* The task: Your reply should be the entries, output word for word, with each picture omitted.

Captioned web image data:
————
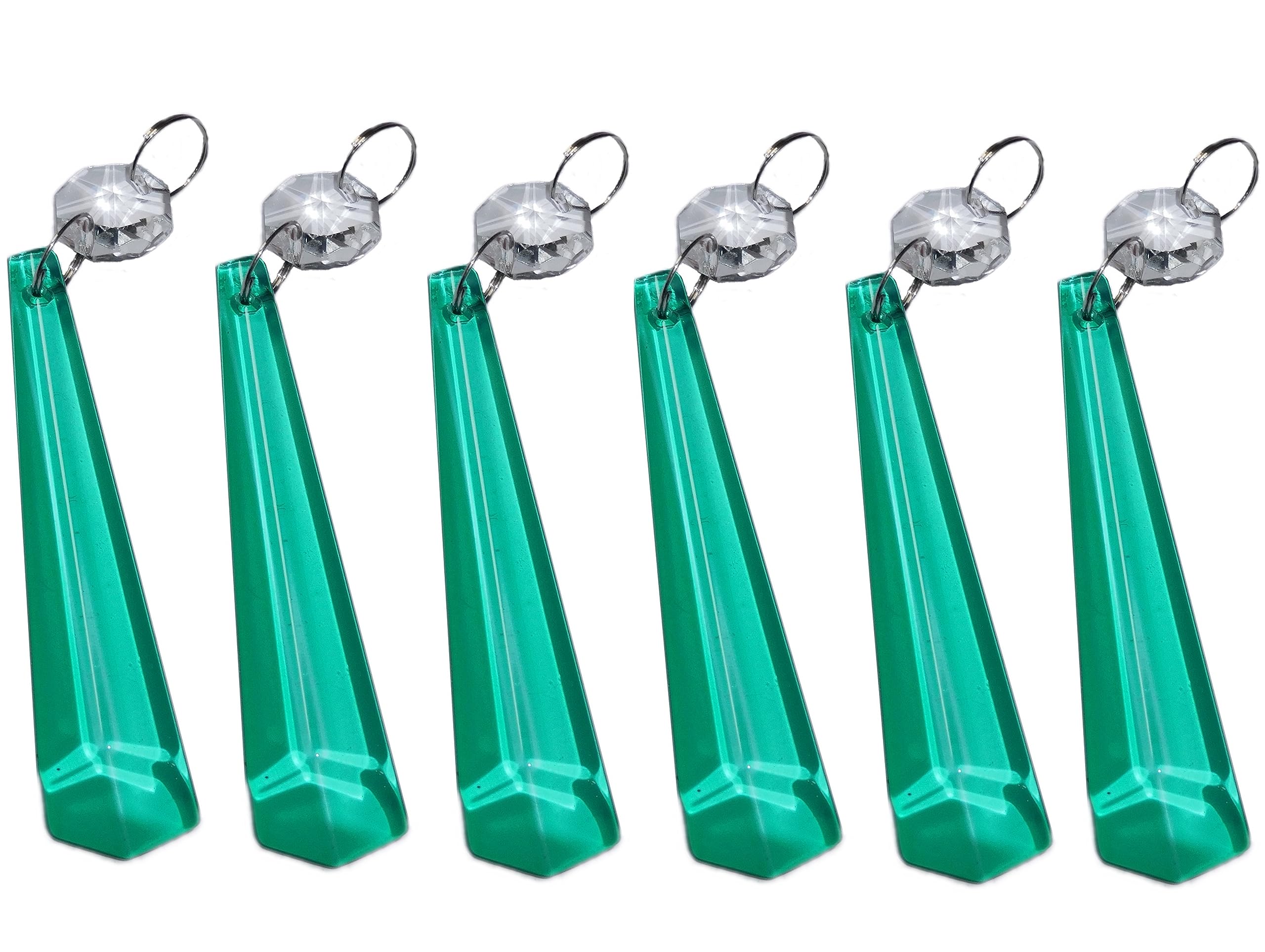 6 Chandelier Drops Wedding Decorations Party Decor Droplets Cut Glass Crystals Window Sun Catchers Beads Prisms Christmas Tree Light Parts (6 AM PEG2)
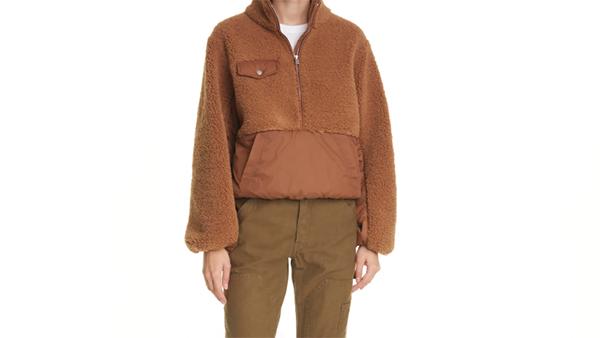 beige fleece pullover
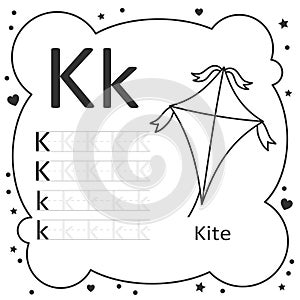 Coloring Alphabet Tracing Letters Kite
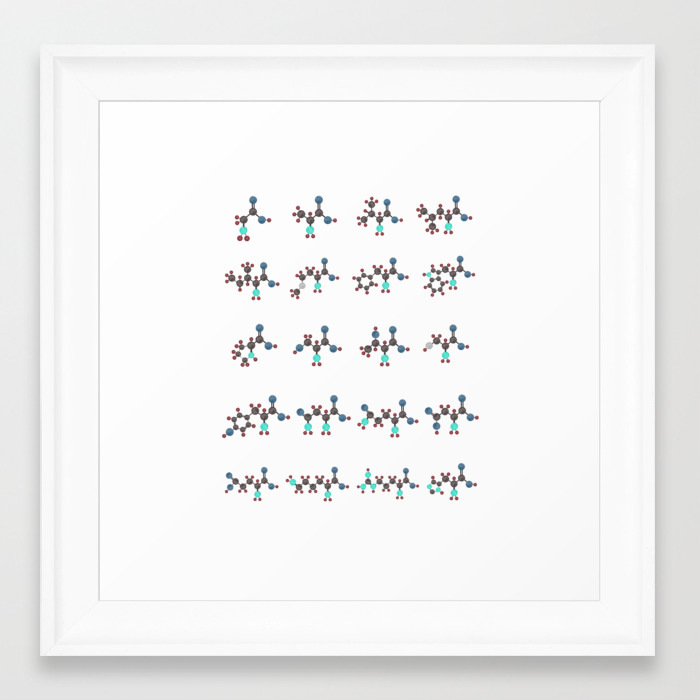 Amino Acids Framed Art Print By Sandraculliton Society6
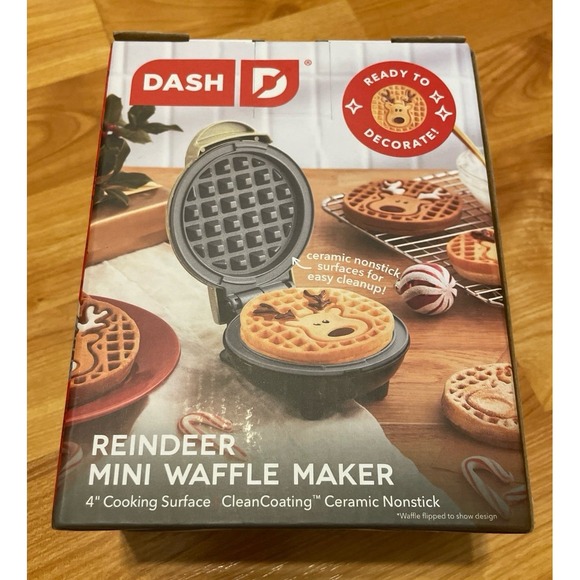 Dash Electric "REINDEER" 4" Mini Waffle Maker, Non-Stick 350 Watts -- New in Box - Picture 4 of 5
————
* Answer space:
 6 Chandelier Drops Wedding Decorations Party Decor Droplets Cut Glass Crystals Window Sun Catchers Beads Prisms Christmas Tree Light Parts (6 AM PEG2)
 beige fleece pullover
 Coloring Alphabet Tracing Letters Kite
 Amino Acids Framed Art Print By Sandraculliton Society6
 Dash Electric "REINDEER" 4" Mini Waffle Maker, Non-Stick 350 Watts -- New in Box - Picture 4 of 5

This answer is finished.